Among the prior art methods which have been proposed for removing hydrogen sulfide from gas streams and gas wells are those involving scrubbing sour gas at elevated temperatures with a regenerable sorbent. See, for example, Wheelock et al, U.S. Pat. No. 3,974,265. Related scrubbing processes are disclosed in Erickson, U.S. Pat. No. 4,207,298 and Moore, U.S. Pat. Nos. 4,086,323 and 3,919,390.

Other proposed methods involve scrubbing the gas streams with liquid solutions such as mixtures of ethanolamines or mixtures comprising anthraquinone disulfonic acids at a temperature of about 200 to 300 F. These processes typically incorporate some regenerable compound which also acts as an oxidant, oxidizing the hydrogen sulfide to sulfur.

These prior art processes for hydrogen sulfide removal have been limited in either application or efficiency for one reason or another. In particular, all the above processes are applied after the gas has been produced.

Other processes which have been reported for the scrubbing of hydrogen sulfide from sour gas prior to production have been applied in the wellbore during drilling by additions of reactants to the drilling mud. Ray et al. in an article entitled "Use of Reactive Iron Oxide to Remove Hydrogen Sulfide From Drilling Fluid" (Society of Petroleum Engineers of AIME SPE 7498 (1978)), report the use of iron oxide added to drilling mud to react with the hydrogen sulfide.

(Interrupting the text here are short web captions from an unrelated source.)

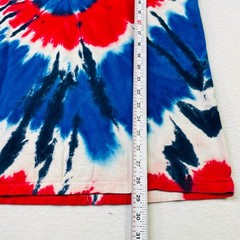 Authentic Pigment Mens Tie Dye T-Shirt Red White Blue Spiral Cotton Large L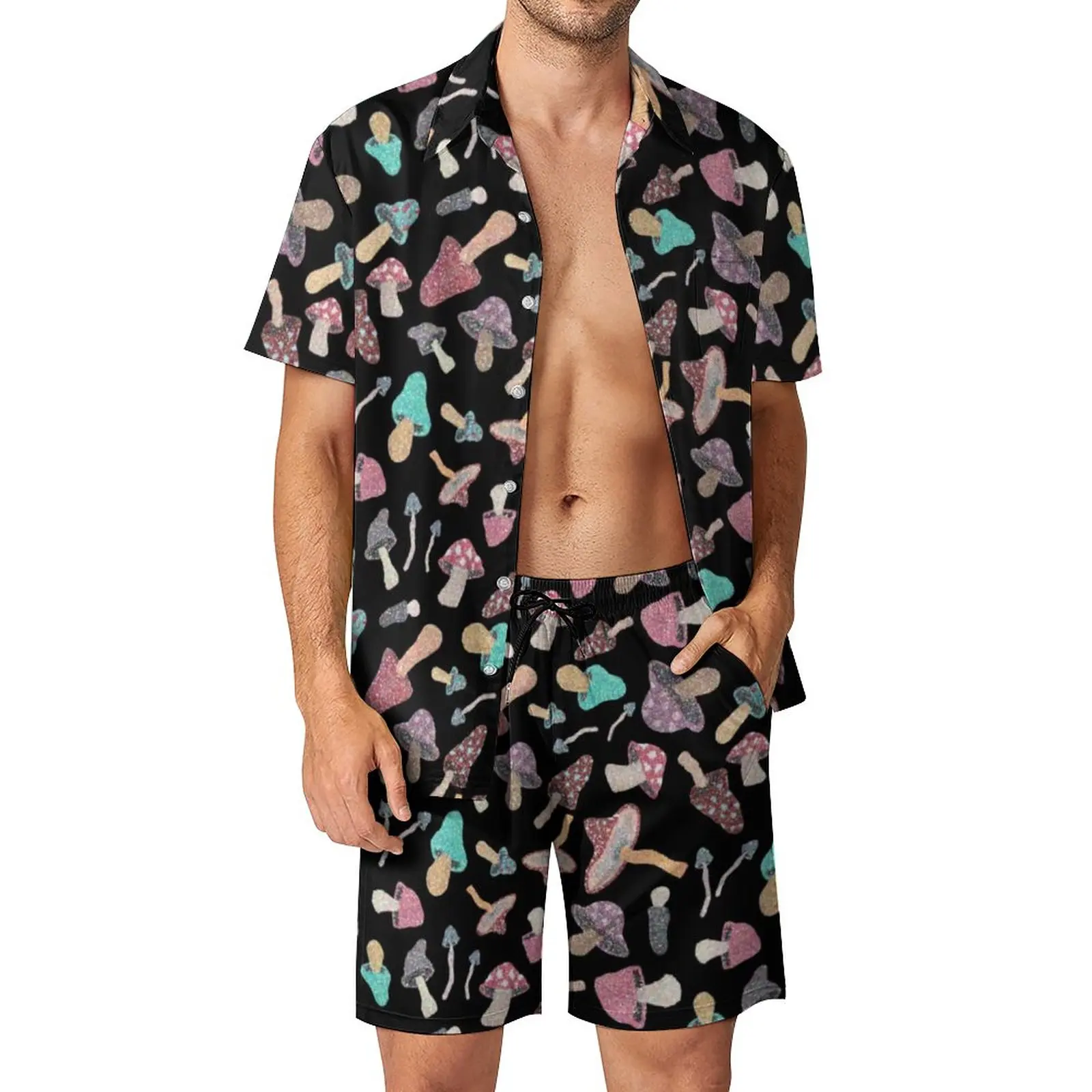 Summer Mushroom 3D Print Men Shirt Sets Fashion Short Sleeve Shirt Oversized Beach Shorts Streetwear Hawaiian Suits Clothes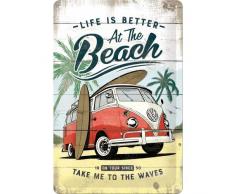 Nostalgic-Art 22277 VW Bulli-Beach | Retro Vintage-Schild | Wand-Dekoration | Metall Blechschild 20x30 cm, Bunt, 20 x 30 x 0.2 cm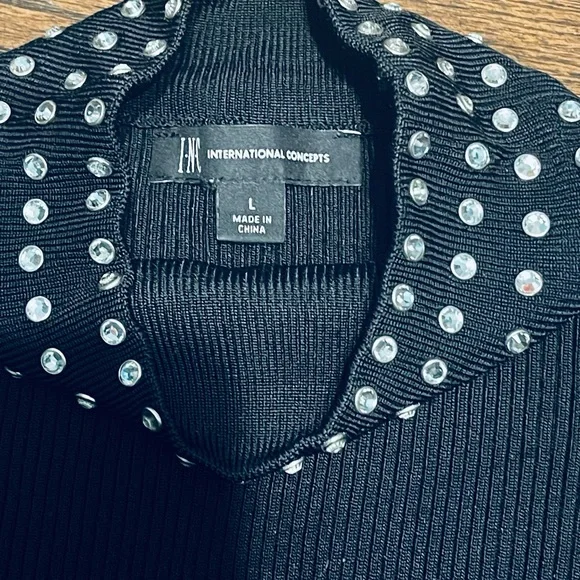 INC International Concepts Black Ribbed Sweater with Rhinestone Collar - Picture 2 of 11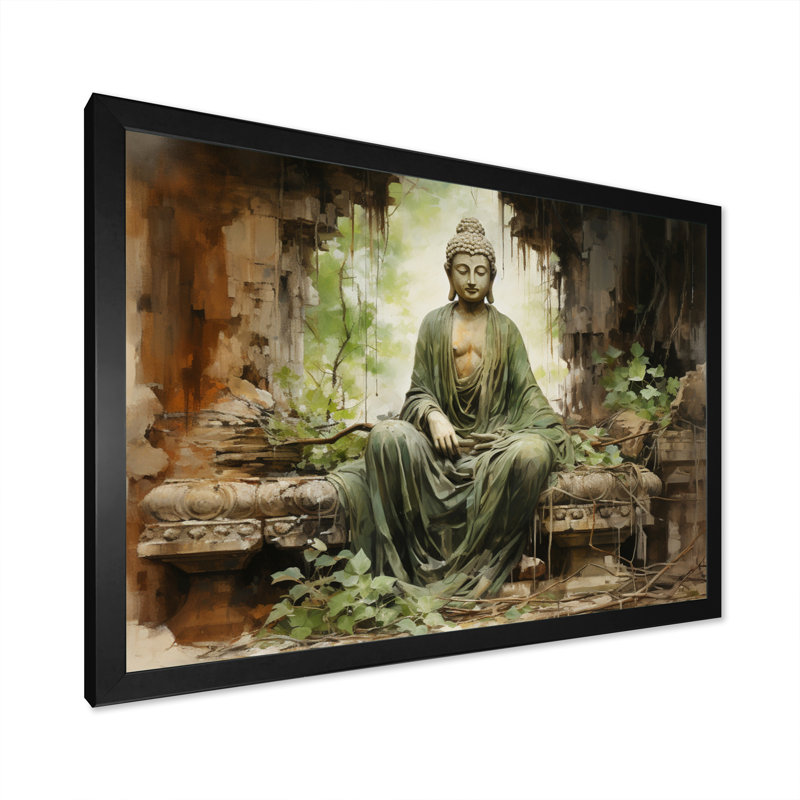 Thailande, ruines de Bouddha, art mural, H 34 po x l 44 po x P 1,5 po, Cadre simple noir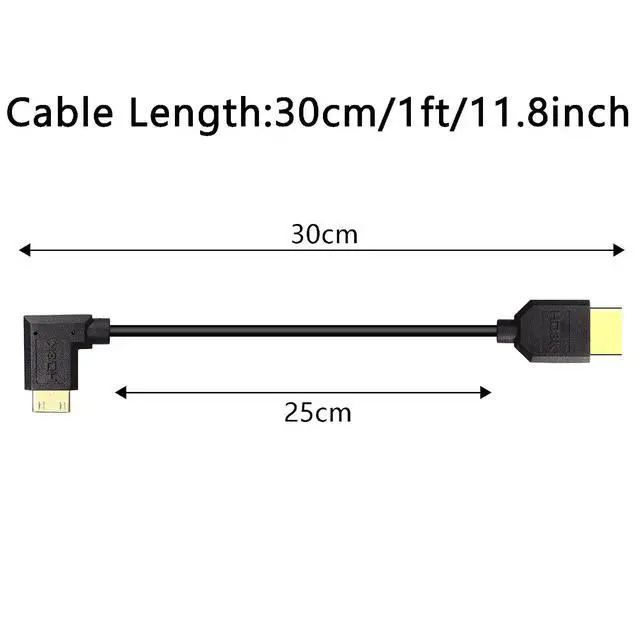Alt view image 6 of 7 - 8K Mini HDMI to HDMI Cable Super Thin line OD 4.0mm MINI HDMI to HDMI Ultra HD 2.1 Cable 8K@60Hz 4K@120Hz 48Gbps Dynamic HDR, eARC 0.3m (Angled Right)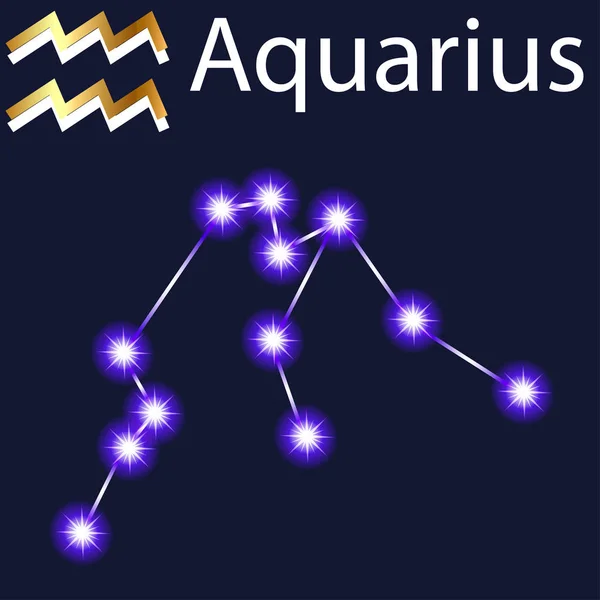 Illustration Constellation Aquarius Stars Night Sky — Stock Vector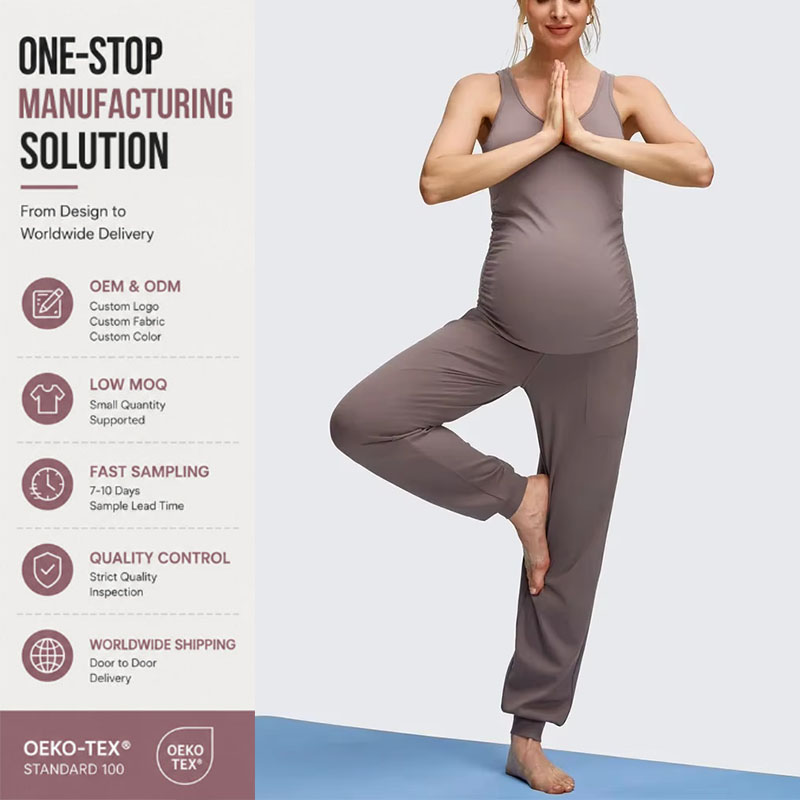 Pockets High Waist Full Length Maternity Yoga Leggings Moms Women's Nylon/Spandex Skinny Fit Breathable Midsection Support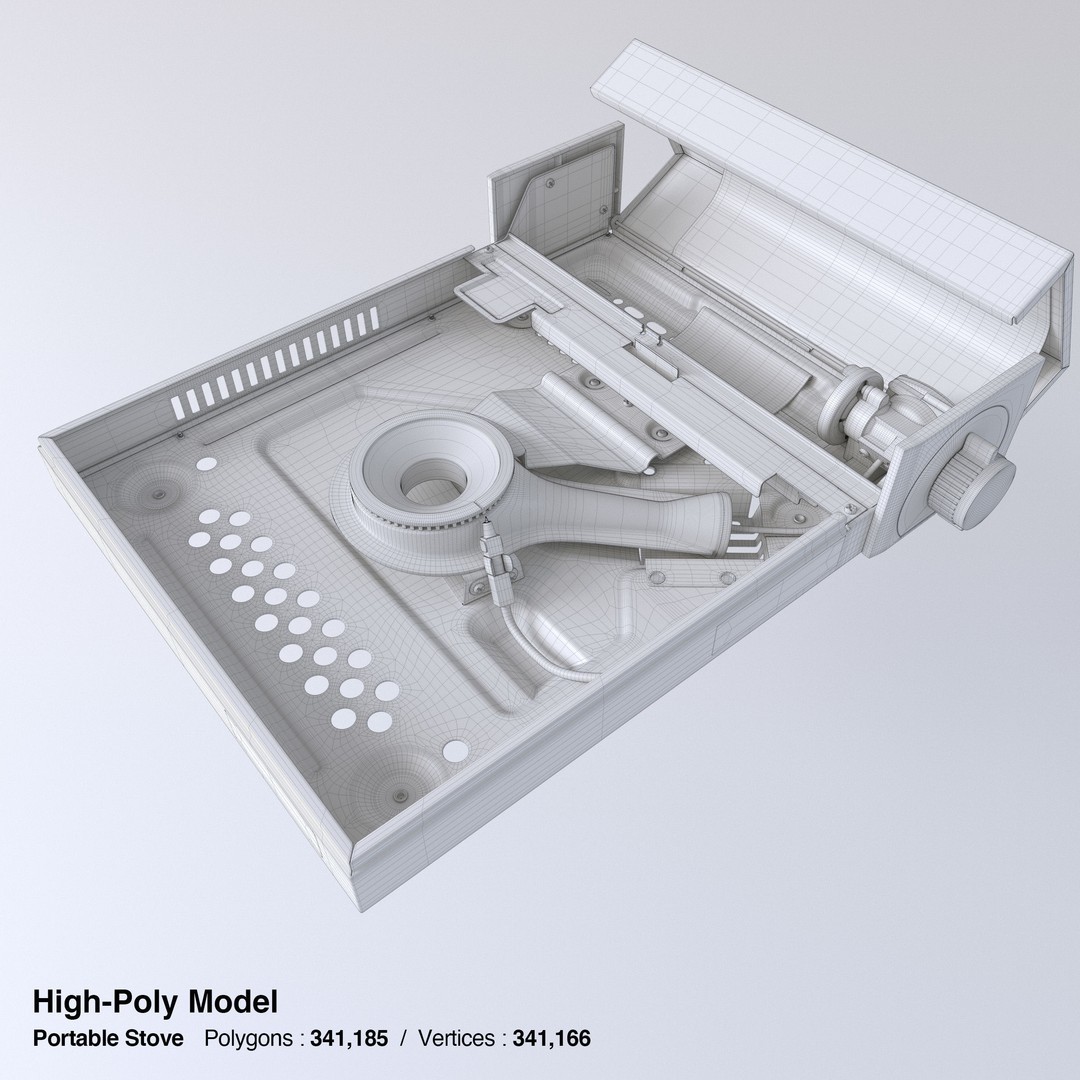 Portable Gas Stove 3D Model – Low Poly PBR Kitchenware, FBX, OBJ - View 34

Garret et al in an article entitled "Chemicals Scavangers For Sulfides In Water Base Drilling Fluids" (Society of Petroleum Engineers of AIME SPE 7499 (1978)), also report the use of chemical scavangers for sulfides in water base drilling fluids.

SUMMARY OF THE INVENTION

In accordance with the present invention, it has now been discovered that a gas is yielded under reasonably moderate operating conditions from a subsurface formation of hydrocarbon material. The method involves providing an aqueous electrolyte in contact with said hydrocarbon material, placing at least two electrically conductive elements, constituting an anode and a cathode, in contact with the electrolyte, and passing a controlled amount of electric current from a direct source through the formation between the electrically conductive element at a voltage of at least 0.3 volts and controlling the current relative to the composition of said material and the ambient conditions adjacent to said electrode to heat the surface of the electrodes during application of the voltage to a temperature which is less than 500 F., and withdrawing from the formation the gas resulting from the treatment.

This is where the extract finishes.